И Ботвинник заявил главному судье: «Если будете вручать – при всех откажусь». Так никто и не понял, почему часы стояли на столе. Но денежный приз спустя полгода я все же получил…» К правилам, к регламенту, к джентльменскому соглашению – к любому установлению Ботвинник относится свято. Прокурор он был бы грозный, адвокат – выдающийся. (По собственному наблюдению знаю – нет верней человека, когда нужно вступиться за правду, помочь в беде…)

Да, характер у Ботвинника не из легких. Он и сам говорил об этом: «Вообще я отличаюсь, как это давно известно, очень замкнутым характером…» Но только с таким сильным, непримиримым характером и можно было, преодолев сначала сопротивление старшего поколения советских мастеров, добиться вскоре полного признания у корифеев Запада, а потом, став владыкой шахматного мира, на протяжении многих лет усмирять очередных претендентов на престол.

Самые сильные иногда восставали. На Олимпиаде 1952 года наша команда решила выступать без Ботвинника: спортивная форма чемпиона мира показалась тогда некоторым гроссмейстерам недостаточно хорошей. Зная характер Ботвинника, вы не будете удивлены, услышав, что в том же году, после Олимпиады, он вновь завладел титулом чемпиона СССР, причем против олимпийцев набрал четыре очка из пяти! И еще десять лет после этого – с двумя годичными перерывами – оставался чемпионом мира.

«Странная моя судьба», – меланхолично замечает совсем, правда, по другому поводу Ботвинник в своих мемуарах…

Между прочим, было (конечно!) подмечено, что Ботвинник не выиграл ни одного матча в ранге чемпиона мира: два матча – с Бронштейном (1951) и Смысловым (1954) закончил вничью, три – Смыслову (1957), Талю (1960) и Петросяну (1963) проиграл, а выиграл «лишь» матч-реванши – у Смыслова (1958) и Таля (1961). Тут все правильно, но о чем это говорит? Да все о том же – о характере Ботвинника.
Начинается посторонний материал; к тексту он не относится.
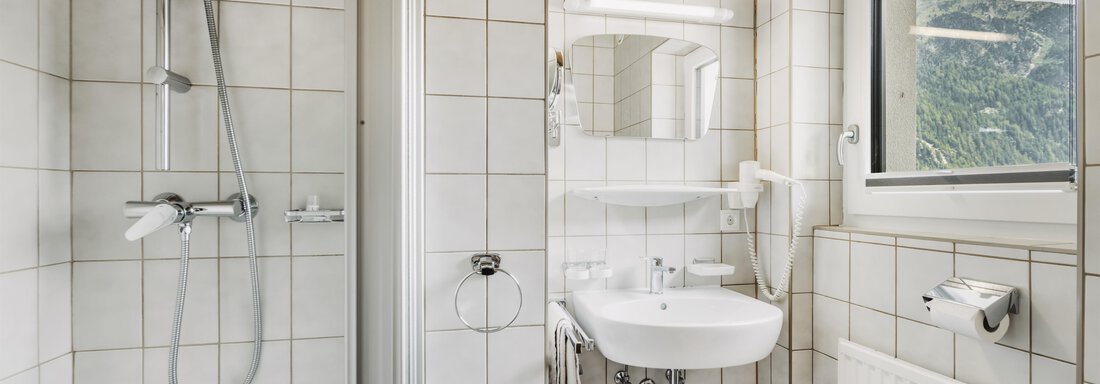 Ein modernes Badezimmer mit weißen Fliesen und einer Dusche. Es gibt ein Waschbecken, einen Spiegel und ein Fenster mit Ausblick. - Gasthof Granstein - Sölden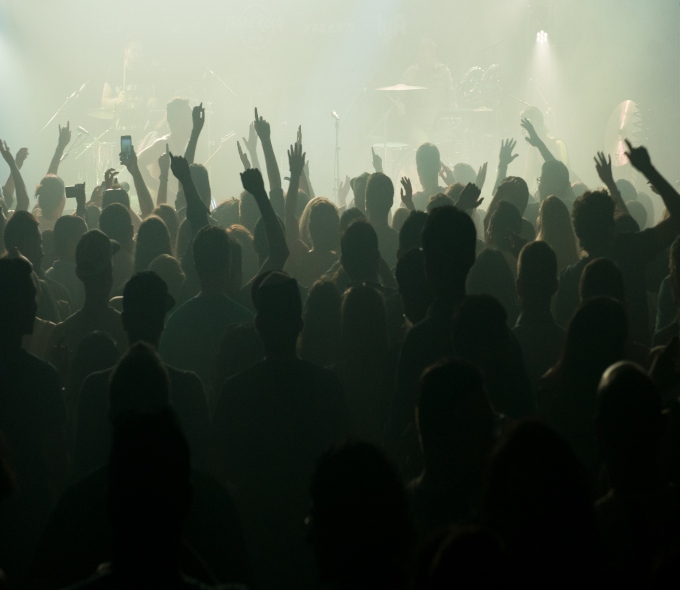 Silhouettes of concertgoers with their hands in the air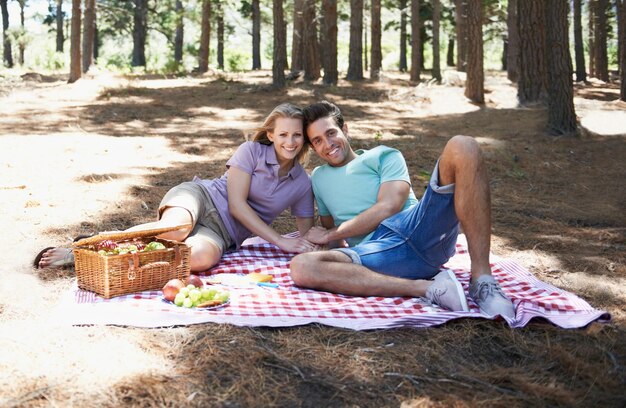 Foto casal feliz retrato de piquenique e natureza com amor celebração romântica e data de verão para o dia de são valentim jovens com comida frutas e relaxar em cobertor na floresta ou floresta para o aniversário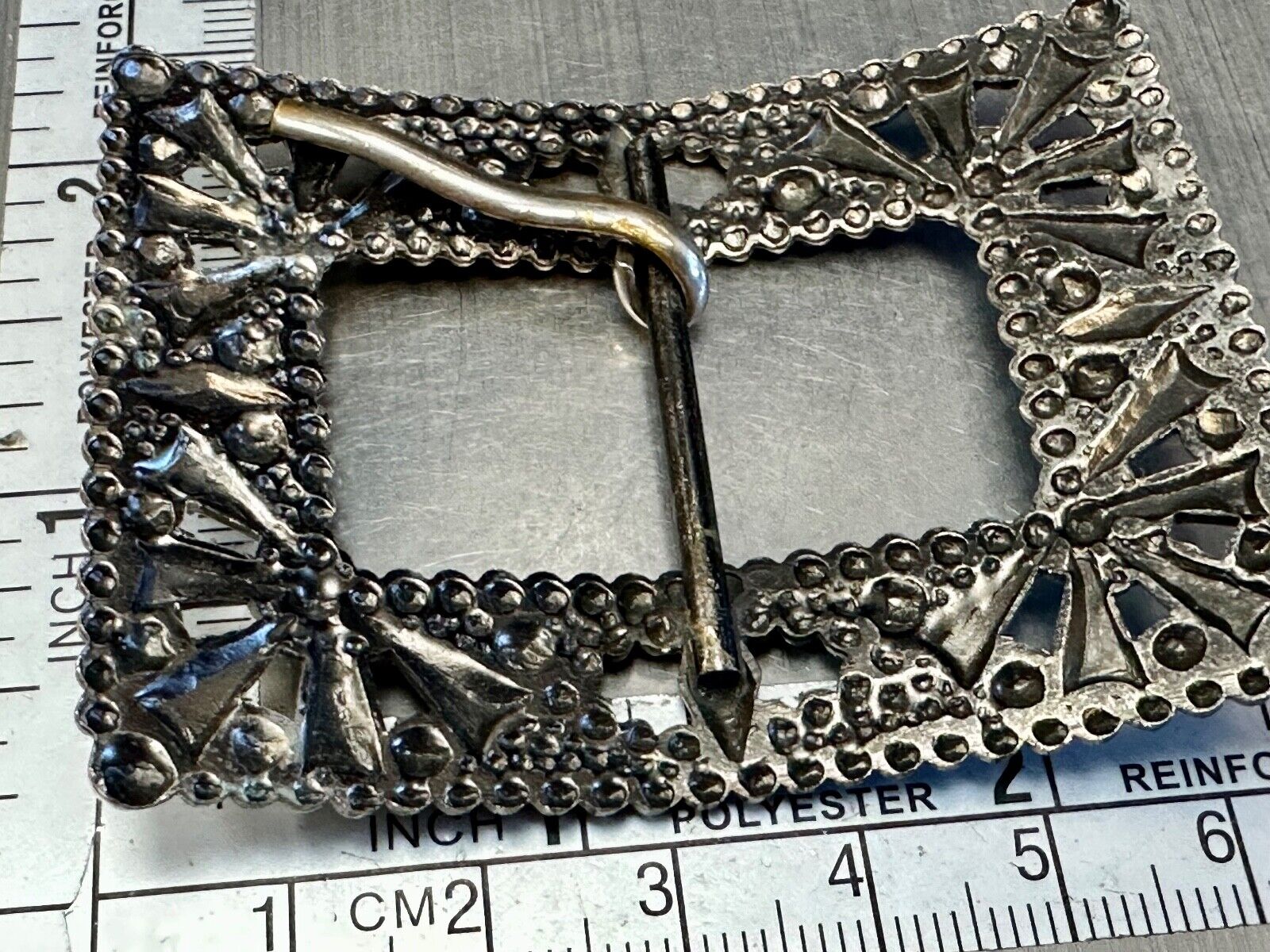 Antique silver color rectangular see through ornate belt buckle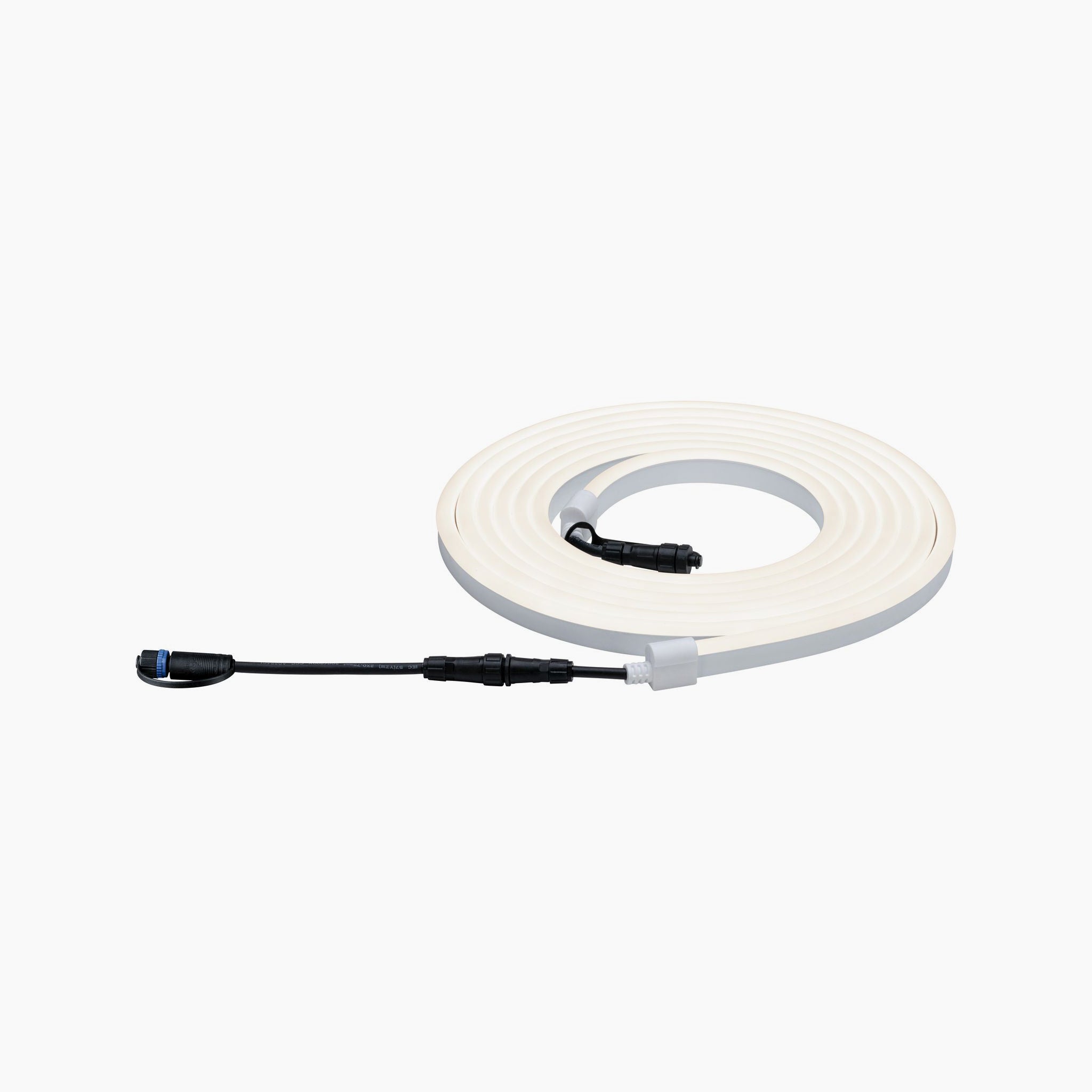 A coiled white LED light strip with black connectors on each end lies against a plain background, its homogeneous light reminiscent of the Paulmann - Plug & Shine Outdoor 31W LED Light Strip in Warm White.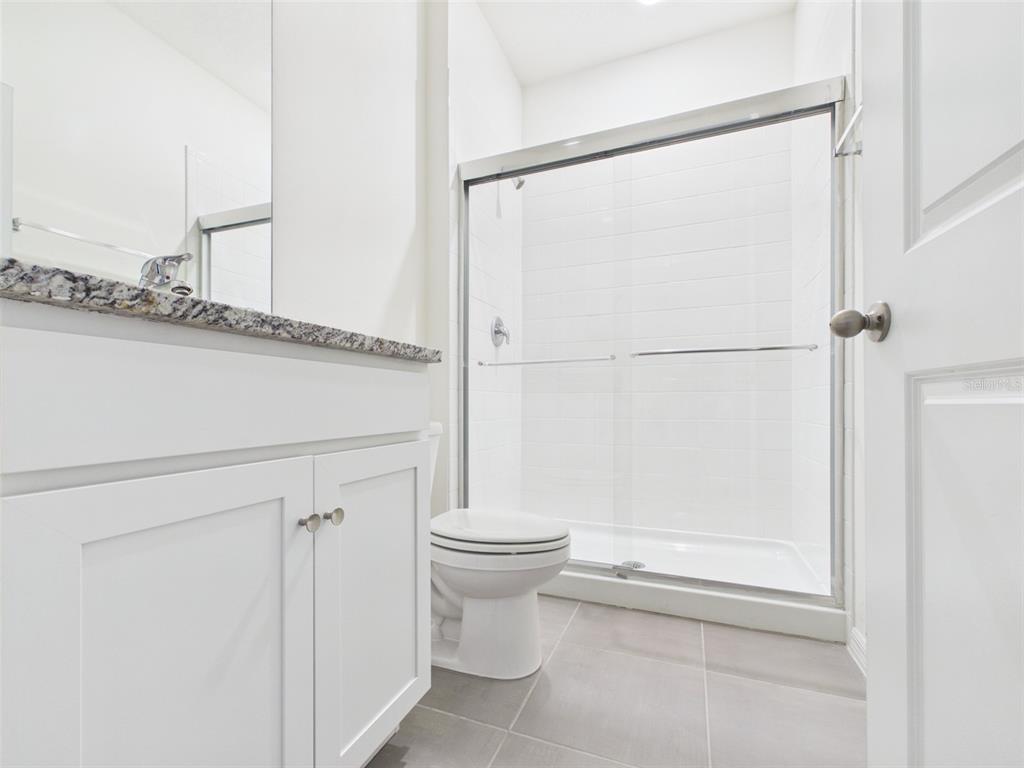A bathroom features a white vanity with granite countertop, a toilet, and a glass-enclosed shower — 5962 SW 80TH LN, OCALA, FL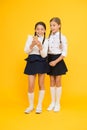 Internet is wonderful resource but access to it has hazards for kids. Girls school uniform using smartphone. Schoolgirls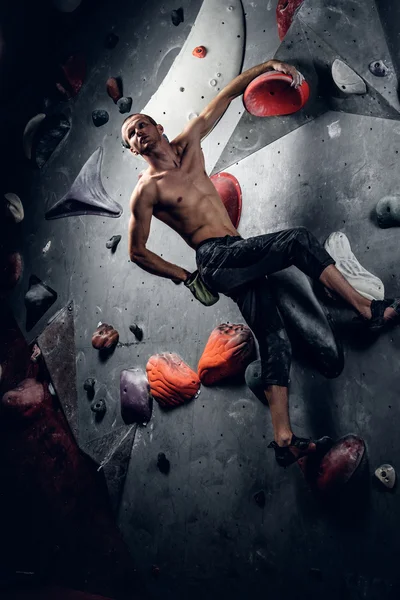 Hombre escalando en un muro de escalada interior — Foto de Stock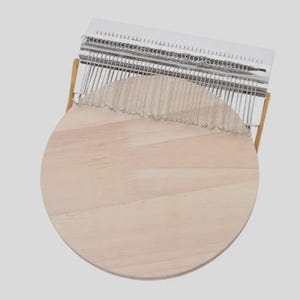 May include: A kalimba instrument with a light wood soundboard and a metal tine bar. The round soundboard is made of light-colored wood. The metal tines are arranged above the soundboard. The instrument has a silver metal bar and a wooden frame.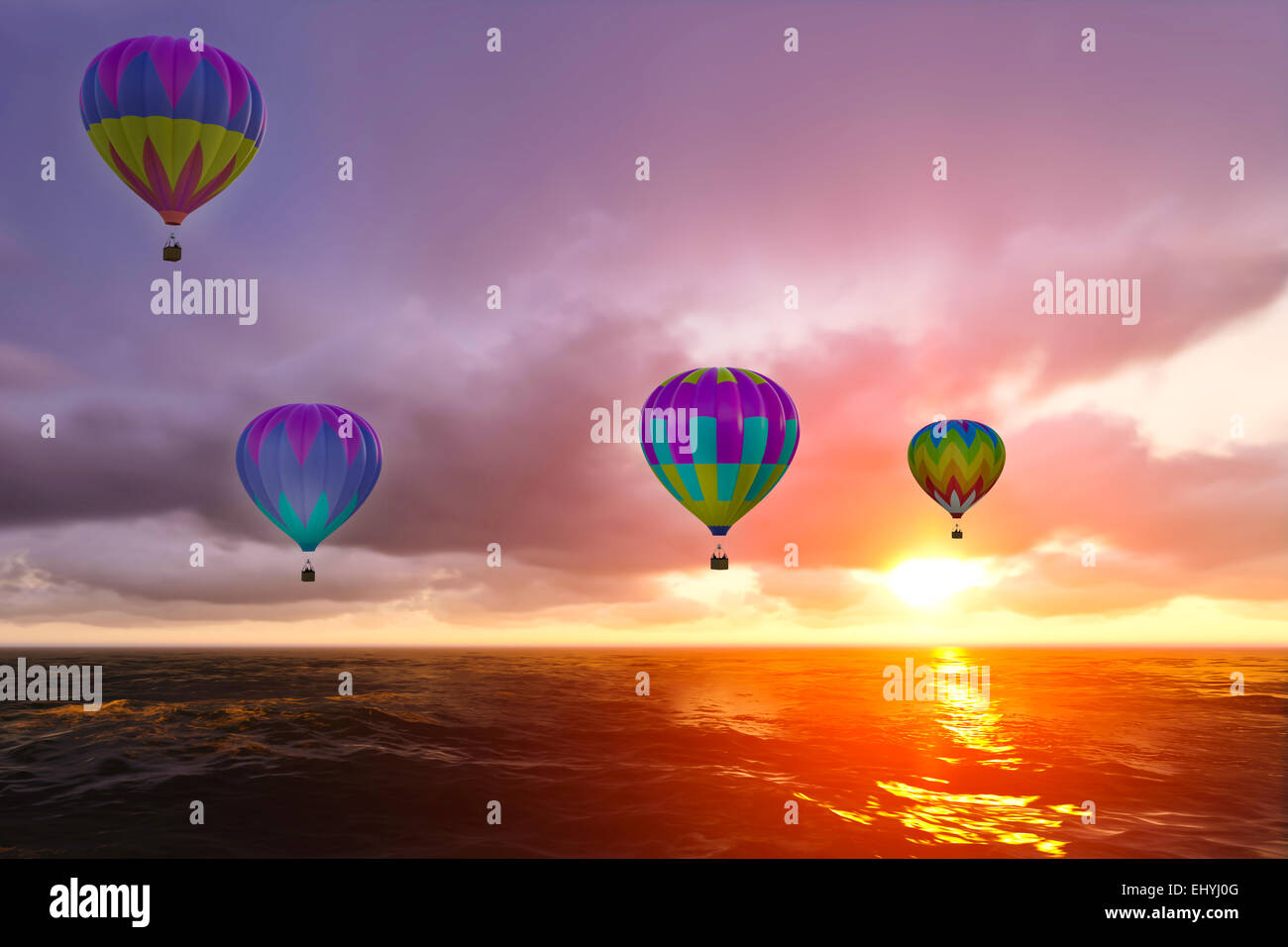 Bunte Heißluftballons über Meer bei Sonnenuntergang Stockfoto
Гроссмейстер Андрэ Лилиенталь однажды написал о Ботвиннике: «Я бы назвал его человеком спортивного реванша». Очень тонкое наблюдение! Лилиенталь дал такую оценку Ботвиннику после его вторичного выступления в Гастингском турнире 1961/62 года, где Ботвинник добился выдающегося результата: занял первое место, набрав восемь очков из девяти. А между прочим в Гастингском турнире 1934/35 года Ботвинник, дебютировавший в зарубежном соревновании, выступил скромно – разделил с Лилиенталем пятое-шестое места. «Но Ботвинник не был бы Ботвинником – пишет Лилиенталь, – если бы он забыл уроки Гастингса». Не забыл. Человек спортивного реванша не может, не должен ничего забывать.